### SOURCE MATERIAL
——————————

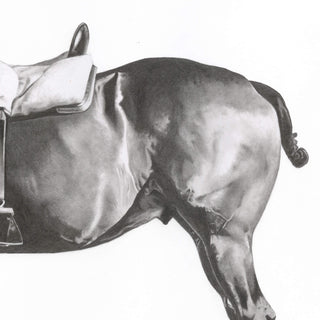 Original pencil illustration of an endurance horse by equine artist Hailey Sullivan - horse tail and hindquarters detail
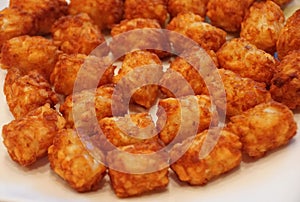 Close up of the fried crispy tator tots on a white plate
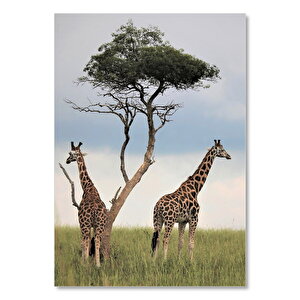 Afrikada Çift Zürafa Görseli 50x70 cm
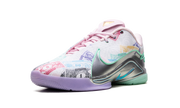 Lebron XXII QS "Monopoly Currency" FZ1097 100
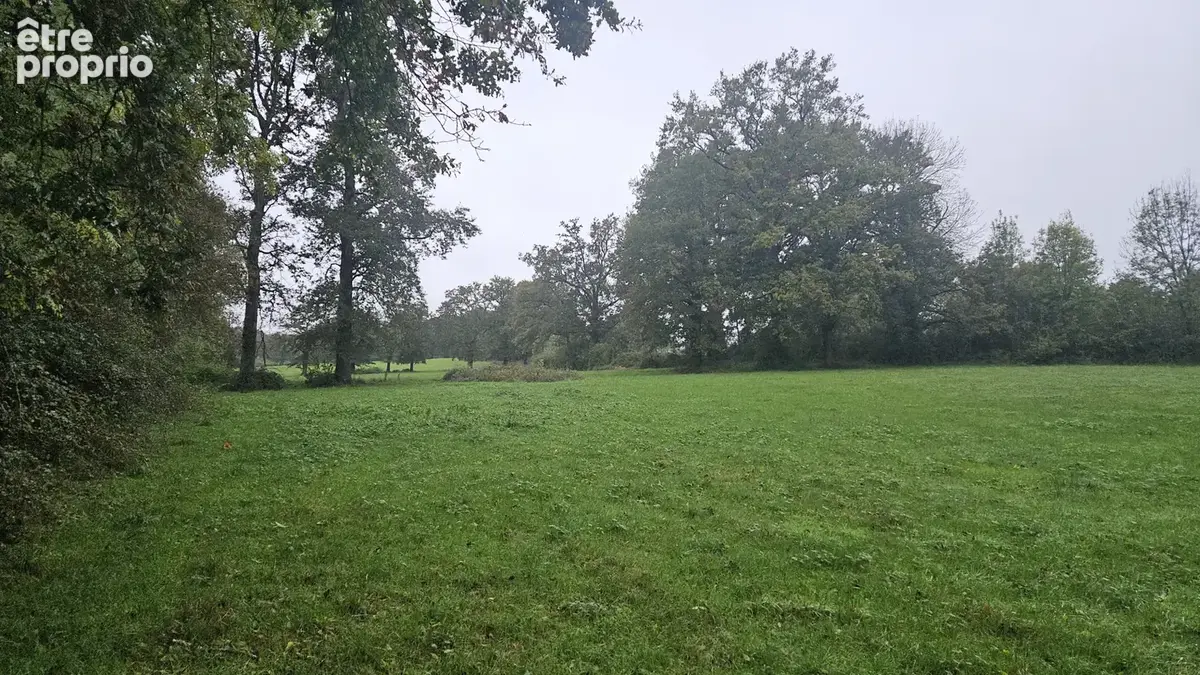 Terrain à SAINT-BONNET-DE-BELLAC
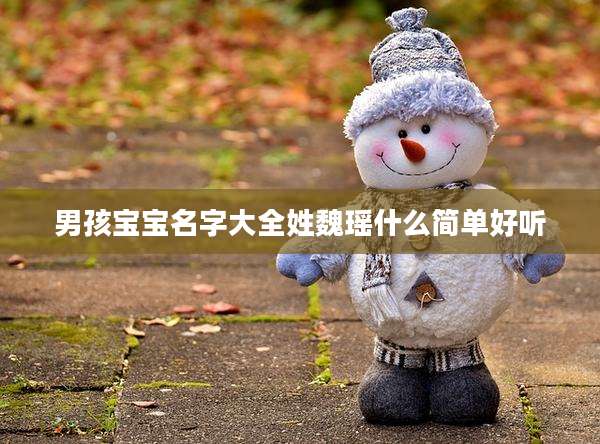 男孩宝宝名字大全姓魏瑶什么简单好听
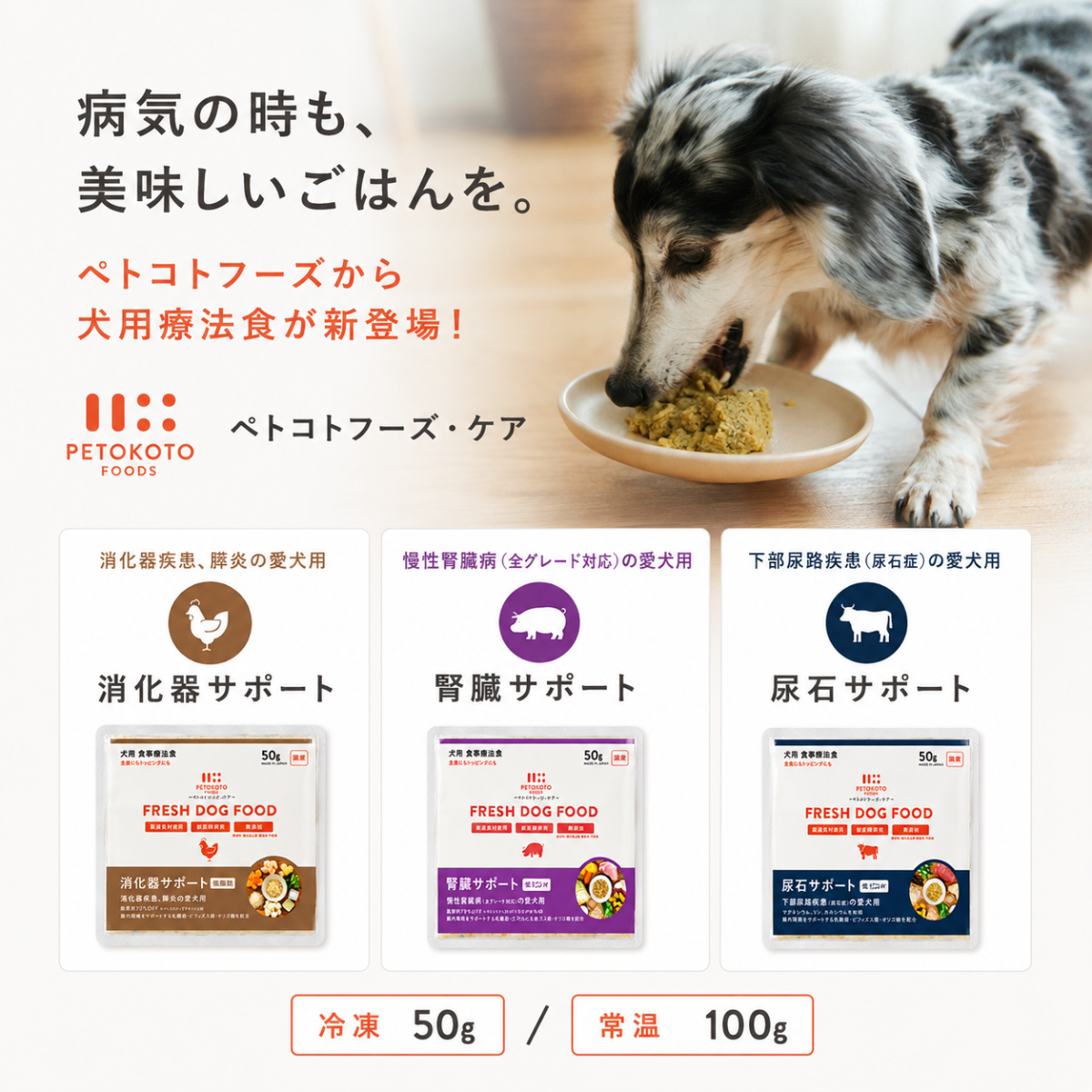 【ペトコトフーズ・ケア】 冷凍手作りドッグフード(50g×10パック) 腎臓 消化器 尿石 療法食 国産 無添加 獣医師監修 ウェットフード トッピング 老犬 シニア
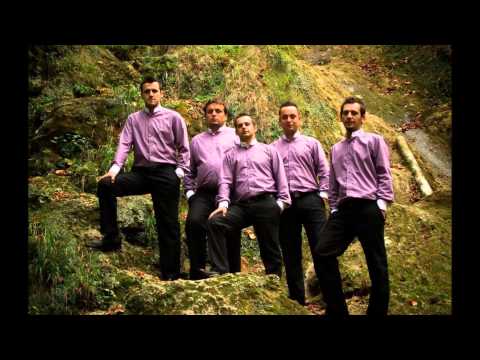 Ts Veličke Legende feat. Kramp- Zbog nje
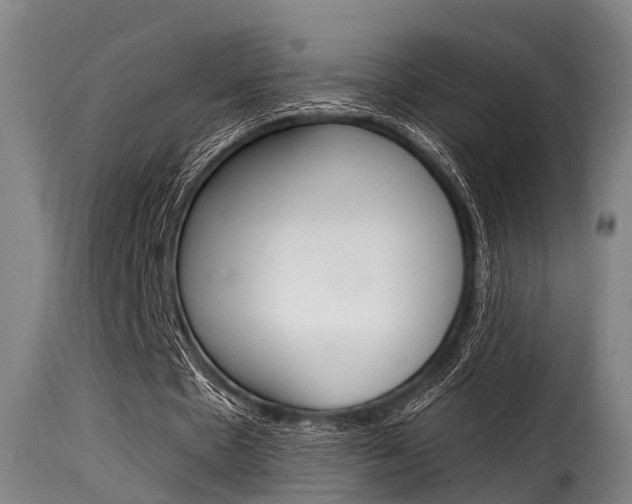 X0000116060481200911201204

——————————

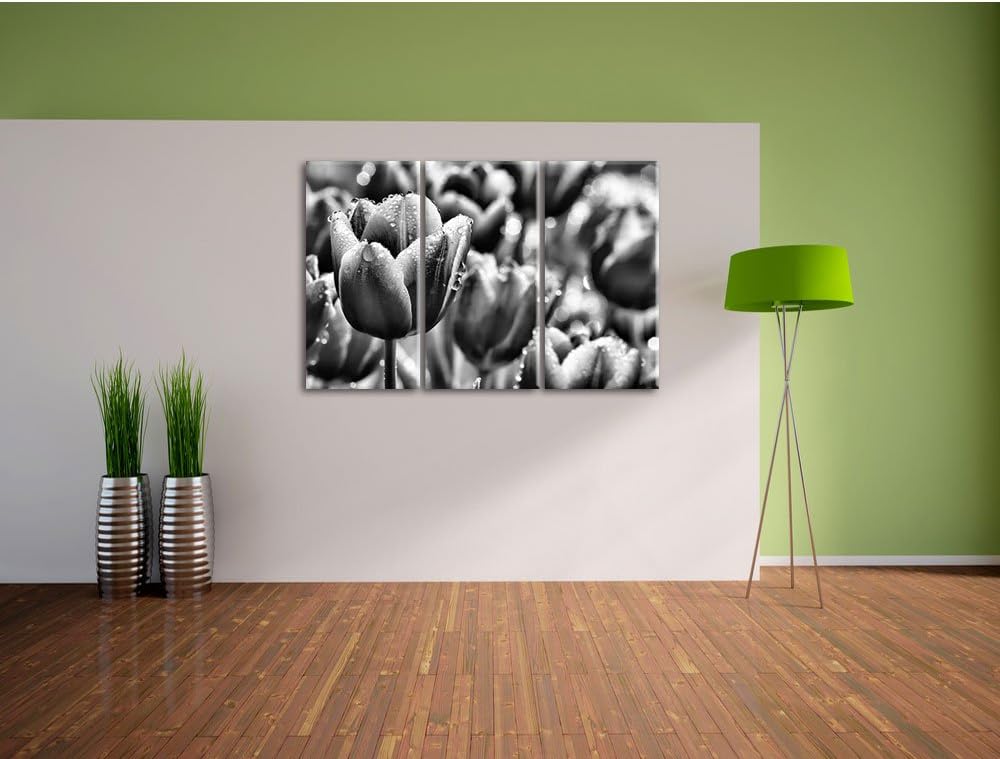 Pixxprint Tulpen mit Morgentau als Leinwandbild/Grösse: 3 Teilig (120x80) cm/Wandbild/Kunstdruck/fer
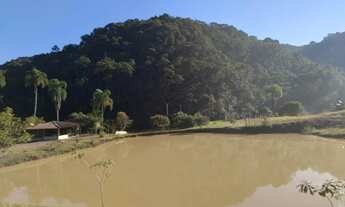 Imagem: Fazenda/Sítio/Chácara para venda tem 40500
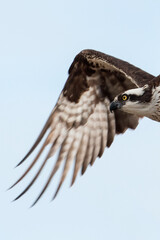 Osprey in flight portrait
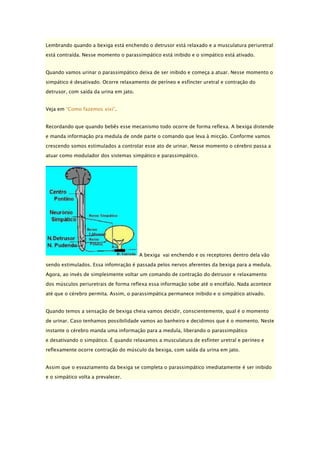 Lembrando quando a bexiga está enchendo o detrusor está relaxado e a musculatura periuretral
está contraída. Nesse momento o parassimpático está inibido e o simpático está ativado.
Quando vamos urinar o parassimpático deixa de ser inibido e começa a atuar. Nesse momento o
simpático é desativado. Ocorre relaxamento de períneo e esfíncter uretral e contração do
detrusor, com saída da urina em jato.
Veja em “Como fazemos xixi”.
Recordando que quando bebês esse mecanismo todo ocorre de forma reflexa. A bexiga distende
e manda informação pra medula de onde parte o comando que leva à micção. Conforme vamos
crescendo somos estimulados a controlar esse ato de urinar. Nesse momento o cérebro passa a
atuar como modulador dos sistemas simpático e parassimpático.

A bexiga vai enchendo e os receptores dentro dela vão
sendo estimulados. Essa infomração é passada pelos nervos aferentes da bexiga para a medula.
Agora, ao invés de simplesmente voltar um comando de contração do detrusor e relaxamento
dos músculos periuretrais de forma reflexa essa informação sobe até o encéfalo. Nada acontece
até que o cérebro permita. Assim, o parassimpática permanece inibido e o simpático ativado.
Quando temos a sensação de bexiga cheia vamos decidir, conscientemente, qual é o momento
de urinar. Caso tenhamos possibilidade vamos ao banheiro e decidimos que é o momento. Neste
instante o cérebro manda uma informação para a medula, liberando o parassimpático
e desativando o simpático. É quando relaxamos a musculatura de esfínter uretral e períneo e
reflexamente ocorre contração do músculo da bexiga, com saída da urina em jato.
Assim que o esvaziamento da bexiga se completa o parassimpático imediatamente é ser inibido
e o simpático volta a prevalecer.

——————————

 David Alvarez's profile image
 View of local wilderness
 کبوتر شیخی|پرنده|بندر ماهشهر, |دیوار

——————————

### TASK ITEM
In the listing above, locate the line containing "reflexamente ocorre contração" and the line containing "e o simpático volta a prevalecer.". Transcribe those two lines and everything between them, exactly as written.

### RESULT FOR THIS EXERCISE
reflexamente ocorre contração do músculo da bexiga, com saída da urina em jato.
Assim que o esvaziamento da bexiga se completa o parassimpático imediatamente é ser inibido
e o simpático volta a prevalecer.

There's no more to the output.